У любой болезни есть причина, и у любой проблемы — корень. Просто бросить пить вряд ли возможно. Нужно «зачем-то» бросить пить. Ради исполнения заповедей, ради сохранения семьи, ради будущего детей, ради доведения до конца начатого дела. Иначе — зачем? Чтобы здоровеньким помереть? Чтобы из пьяного бездельника превратиться в трезвого бездельника? Чтоб собой гордиться? Кому-то эти мотивации и по плечу, и по душе, а русскому — навряд. Он мужик настырный и с сознанием параллельным. От его вопросов у дзен-буддистов просветление наступает. После часовой лекции он способен таким голосом спросить: «Ну, и что?», что сам лектор в своей правоте усомнится. Потом мужик опять себе нальет, и не факт, что лектор ему компанию не составит. Короче, народ наш упертый и с разветвленной корневой системой. Если меняться согласится, то — до конца и донышка, плюс — с серьезной мотивацией. Ничего серьезнее нельзя ни придумать, ни вспомнить, кроме Благодати Святого Духа. Ради нее надо отрезвляться, ради превращения себя из свиного хлева в храм Святого Духа.

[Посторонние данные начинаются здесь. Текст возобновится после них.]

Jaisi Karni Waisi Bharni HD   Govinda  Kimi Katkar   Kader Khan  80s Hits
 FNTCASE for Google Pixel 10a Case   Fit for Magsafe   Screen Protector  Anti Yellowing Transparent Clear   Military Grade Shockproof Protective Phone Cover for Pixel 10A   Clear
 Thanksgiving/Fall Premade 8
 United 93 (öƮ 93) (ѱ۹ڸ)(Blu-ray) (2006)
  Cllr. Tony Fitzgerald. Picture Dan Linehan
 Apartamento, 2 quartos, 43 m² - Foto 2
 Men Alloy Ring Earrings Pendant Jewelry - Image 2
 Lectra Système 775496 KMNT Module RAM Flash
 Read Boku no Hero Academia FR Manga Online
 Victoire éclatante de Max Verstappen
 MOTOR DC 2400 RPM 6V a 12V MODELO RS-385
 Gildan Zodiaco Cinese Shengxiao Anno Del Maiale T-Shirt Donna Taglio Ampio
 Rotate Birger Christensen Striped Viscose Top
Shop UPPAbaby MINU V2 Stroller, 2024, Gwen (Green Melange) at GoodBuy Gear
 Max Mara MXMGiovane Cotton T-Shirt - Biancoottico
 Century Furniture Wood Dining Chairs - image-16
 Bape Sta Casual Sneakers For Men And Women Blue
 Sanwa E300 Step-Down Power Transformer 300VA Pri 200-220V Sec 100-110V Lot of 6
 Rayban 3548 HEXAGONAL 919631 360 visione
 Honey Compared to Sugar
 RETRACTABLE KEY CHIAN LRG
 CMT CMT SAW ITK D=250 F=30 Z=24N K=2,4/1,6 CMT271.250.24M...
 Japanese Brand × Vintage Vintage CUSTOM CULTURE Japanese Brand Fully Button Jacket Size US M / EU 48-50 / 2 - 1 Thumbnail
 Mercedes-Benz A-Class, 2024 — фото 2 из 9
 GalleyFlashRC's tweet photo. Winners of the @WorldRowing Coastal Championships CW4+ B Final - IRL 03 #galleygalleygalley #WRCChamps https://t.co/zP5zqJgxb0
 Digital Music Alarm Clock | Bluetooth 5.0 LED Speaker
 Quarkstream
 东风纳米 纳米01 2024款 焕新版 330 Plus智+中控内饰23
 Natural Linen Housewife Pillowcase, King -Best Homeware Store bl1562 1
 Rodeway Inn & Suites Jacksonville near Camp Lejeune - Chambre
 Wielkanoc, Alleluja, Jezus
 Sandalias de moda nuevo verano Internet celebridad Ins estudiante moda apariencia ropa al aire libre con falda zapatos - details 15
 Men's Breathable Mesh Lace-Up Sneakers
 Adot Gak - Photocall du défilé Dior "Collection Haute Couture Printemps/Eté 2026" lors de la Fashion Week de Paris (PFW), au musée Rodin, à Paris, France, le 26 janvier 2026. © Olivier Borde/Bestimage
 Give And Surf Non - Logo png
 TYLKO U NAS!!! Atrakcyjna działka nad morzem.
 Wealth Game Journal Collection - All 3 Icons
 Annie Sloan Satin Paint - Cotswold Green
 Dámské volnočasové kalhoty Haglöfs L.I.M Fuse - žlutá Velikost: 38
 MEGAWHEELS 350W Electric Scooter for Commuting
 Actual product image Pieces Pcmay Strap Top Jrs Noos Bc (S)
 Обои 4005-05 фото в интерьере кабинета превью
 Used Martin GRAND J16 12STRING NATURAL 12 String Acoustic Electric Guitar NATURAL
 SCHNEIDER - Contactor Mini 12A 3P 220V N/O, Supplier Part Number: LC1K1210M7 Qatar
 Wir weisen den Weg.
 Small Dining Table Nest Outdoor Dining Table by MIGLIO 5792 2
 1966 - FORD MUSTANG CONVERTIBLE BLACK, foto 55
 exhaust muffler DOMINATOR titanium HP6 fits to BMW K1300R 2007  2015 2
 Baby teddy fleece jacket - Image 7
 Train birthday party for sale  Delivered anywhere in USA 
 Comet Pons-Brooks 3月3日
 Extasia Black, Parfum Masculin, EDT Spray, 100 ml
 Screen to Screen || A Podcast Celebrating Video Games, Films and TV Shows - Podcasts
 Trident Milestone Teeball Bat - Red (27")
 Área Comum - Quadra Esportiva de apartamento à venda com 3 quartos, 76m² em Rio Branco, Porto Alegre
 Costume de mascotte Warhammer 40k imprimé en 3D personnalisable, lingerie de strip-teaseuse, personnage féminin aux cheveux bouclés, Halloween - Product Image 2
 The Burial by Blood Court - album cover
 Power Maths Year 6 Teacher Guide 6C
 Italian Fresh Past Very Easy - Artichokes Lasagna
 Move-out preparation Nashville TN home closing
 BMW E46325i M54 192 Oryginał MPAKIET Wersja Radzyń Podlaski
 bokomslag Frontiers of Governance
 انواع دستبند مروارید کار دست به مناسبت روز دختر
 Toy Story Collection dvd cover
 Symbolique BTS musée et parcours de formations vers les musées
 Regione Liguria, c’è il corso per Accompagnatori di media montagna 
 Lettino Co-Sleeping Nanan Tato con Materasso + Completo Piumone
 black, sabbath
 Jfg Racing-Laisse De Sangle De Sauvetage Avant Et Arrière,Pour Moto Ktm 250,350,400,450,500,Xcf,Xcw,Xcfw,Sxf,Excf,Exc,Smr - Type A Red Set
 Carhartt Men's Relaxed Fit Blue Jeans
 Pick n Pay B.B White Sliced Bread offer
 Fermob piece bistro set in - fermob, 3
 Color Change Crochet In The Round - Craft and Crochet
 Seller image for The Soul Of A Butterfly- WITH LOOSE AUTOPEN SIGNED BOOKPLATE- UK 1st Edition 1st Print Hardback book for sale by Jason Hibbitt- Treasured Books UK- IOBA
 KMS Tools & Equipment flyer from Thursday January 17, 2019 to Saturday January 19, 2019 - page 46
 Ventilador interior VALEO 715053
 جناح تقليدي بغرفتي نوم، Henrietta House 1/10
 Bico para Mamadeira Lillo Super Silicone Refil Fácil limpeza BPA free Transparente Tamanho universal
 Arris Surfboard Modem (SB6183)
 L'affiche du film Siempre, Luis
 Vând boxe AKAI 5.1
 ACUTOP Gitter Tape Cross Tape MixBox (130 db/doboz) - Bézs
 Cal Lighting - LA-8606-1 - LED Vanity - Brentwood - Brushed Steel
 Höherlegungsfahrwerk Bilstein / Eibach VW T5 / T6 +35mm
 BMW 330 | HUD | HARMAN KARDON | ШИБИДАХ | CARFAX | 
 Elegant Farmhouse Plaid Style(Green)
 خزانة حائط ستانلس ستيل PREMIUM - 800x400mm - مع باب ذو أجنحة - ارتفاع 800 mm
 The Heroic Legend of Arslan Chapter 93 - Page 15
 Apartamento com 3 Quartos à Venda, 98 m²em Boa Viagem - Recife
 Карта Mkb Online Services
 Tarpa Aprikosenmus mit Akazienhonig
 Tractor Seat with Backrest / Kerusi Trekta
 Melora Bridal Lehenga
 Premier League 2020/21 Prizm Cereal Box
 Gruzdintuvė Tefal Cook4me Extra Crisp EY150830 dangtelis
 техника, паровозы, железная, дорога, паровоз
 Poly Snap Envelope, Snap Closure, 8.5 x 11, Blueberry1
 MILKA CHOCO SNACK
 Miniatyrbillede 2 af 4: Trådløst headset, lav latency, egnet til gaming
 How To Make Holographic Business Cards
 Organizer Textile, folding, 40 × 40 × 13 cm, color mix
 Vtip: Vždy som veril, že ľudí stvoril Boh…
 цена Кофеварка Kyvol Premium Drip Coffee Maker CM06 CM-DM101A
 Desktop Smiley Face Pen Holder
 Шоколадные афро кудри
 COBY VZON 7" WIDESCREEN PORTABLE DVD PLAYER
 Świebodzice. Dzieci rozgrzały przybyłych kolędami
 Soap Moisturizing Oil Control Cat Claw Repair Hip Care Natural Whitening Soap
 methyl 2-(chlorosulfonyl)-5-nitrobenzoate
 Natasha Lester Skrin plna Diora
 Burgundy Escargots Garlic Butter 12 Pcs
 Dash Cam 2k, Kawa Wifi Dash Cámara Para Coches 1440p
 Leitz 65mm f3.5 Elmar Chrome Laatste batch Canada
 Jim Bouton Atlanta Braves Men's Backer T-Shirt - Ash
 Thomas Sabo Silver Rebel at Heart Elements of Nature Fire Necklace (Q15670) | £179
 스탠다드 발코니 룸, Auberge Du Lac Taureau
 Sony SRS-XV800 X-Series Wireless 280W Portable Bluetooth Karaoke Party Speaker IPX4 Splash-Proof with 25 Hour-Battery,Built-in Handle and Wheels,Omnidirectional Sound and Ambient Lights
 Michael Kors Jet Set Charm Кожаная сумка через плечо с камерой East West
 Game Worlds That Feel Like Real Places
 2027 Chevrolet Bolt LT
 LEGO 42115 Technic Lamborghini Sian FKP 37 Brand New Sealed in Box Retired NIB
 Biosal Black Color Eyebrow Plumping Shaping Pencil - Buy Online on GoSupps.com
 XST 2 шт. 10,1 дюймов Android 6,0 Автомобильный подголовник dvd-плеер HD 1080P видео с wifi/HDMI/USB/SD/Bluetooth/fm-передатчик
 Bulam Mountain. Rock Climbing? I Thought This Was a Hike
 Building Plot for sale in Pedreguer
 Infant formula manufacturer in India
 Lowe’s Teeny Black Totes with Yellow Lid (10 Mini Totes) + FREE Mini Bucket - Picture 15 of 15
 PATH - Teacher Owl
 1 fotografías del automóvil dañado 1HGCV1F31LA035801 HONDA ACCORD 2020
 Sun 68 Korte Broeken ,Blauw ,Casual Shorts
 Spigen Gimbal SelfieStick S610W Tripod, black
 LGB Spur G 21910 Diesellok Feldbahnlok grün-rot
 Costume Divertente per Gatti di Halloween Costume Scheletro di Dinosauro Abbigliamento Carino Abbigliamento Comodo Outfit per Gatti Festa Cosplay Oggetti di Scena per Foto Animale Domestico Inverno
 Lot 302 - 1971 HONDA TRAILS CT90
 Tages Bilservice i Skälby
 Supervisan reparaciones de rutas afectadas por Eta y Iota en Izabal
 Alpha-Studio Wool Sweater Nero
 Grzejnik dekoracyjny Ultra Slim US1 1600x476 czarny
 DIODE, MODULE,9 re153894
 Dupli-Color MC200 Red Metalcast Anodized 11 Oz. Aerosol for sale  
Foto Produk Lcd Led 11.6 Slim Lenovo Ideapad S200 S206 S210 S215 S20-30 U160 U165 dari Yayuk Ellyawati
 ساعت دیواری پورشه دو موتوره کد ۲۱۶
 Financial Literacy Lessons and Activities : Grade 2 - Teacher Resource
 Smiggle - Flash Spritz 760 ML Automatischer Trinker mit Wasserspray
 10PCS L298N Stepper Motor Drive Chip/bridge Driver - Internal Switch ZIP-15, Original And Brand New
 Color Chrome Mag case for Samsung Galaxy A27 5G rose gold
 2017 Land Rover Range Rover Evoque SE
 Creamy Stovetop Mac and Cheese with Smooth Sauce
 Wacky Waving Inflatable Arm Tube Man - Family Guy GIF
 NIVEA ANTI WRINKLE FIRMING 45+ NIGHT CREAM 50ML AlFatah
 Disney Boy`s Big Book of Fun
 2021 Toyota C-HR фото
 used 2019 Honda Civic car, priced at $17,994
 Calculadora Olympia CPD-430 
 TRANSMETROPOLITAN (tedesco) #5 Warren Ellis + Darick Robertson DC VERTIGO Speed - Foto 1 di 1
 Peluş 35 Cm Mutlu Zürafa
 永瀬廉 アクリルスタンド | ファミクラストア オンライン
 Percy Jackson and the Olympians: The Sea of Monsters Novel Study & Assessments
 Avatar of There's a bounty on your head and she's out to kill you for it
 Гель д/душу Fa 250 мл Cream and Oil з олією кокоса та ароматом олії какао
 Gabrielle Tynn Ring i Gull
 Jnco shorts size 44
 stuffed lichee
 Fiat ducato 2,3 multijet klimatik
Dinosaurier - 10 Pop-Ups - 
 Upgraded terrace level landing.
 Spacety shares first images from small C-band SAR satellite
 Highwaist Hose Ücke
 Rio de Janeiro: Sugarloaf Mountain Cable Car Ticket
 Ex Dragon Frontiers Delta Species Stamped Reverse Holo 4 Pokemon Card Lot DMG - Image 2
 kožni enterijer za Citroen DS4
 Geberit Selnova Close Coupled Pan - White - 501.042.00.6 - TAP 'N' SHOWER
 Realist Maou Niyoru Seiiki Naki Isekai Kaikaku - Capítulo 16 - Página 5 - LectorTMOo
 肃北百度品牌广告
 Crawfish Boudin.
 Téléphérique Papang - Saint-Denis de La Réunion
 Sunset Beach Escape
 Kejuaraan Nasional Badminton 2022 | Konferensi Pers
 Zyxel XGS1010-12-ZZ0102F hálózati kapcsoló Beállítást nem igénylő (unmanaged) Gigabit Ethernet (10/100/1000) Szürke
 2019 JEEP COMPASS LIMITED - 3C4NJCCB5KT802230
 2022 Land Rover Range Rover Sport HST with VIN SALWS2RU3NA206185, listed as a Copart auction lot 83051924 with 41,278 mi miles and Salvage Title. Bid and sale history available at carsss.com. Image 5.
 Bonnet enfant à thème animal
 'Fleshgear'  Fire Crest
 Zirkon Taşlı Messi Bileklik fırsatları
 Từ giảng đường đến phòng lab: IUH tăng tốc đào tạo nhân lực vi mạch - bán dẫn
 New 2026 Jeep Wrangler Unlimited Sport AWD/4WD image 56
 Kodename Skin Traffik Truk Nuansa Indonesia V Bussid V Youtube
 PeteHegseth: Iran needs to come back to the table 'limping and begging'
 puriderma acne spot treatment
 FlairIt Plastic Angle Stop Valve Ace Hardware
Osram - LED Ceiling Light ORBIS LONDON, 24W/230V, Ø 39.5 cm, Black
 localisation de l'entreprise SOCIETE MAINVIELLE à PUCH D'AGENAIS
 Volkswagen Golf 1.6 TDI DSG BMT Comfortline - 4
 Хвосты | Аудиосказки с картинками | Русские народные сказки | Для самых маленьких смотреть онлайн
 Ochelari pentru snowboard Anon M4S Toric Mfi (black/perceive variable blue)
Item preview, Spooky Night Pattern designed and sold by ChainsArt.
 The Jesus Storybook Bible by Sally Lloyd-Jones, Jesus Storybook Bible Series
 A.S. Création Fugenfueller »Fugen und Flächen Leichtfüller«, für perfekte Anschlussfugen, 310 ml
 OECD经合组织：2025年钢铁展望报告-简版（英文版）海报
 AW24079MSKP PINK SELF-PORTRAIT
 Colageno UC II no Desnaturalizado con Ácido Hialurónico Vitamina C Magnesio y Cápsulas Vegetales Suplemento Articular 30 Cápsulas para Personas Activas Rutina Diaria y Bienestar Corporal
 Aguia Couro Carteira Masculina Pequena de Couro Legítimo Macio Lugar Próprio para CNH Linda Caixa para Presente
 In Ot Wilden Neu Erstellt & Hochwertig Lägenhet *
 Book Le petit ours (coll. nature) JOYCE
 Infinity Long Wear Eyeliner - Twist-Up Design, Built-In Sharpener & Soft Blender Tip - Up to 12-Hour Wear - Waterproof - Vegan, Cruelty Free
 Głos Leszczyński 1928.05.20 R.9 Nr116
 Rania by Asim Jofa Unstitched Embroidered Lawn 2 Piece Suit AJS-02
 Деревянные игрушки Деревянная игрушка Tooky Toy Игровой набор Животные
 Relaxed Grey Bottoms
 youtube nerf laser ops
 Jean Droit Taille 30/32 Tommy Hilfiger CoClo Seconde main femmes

То, что пьянство и благодатное состояние можно перепутать, говорит не только упомянутый эпизод Пятидесятницы. Будущая мать пророка Самуила Анна, будучи огорченной своим бесплодием, молилась Богу и тоже казалась со стороны пьяною. «Как Анна говорила в сердце своем, а уста ее только двигались, и не было слышно голоса ее, то Илий (первосвященник) счел ее пьяною. И сказал ей Илий: доколе ты будешь пьяною? Вытрезвись от вина твоего» (1 Цар. 1:13–14) Женщина сказала в ответ, что не пила она вина или крепких напитков, что дух ее в ней огорчен, и что молилась она от великой печали. Первосвященник благословил ее и пообещал, что прошение ее Богом будет исполнено. Вскоре зачат был Самуил.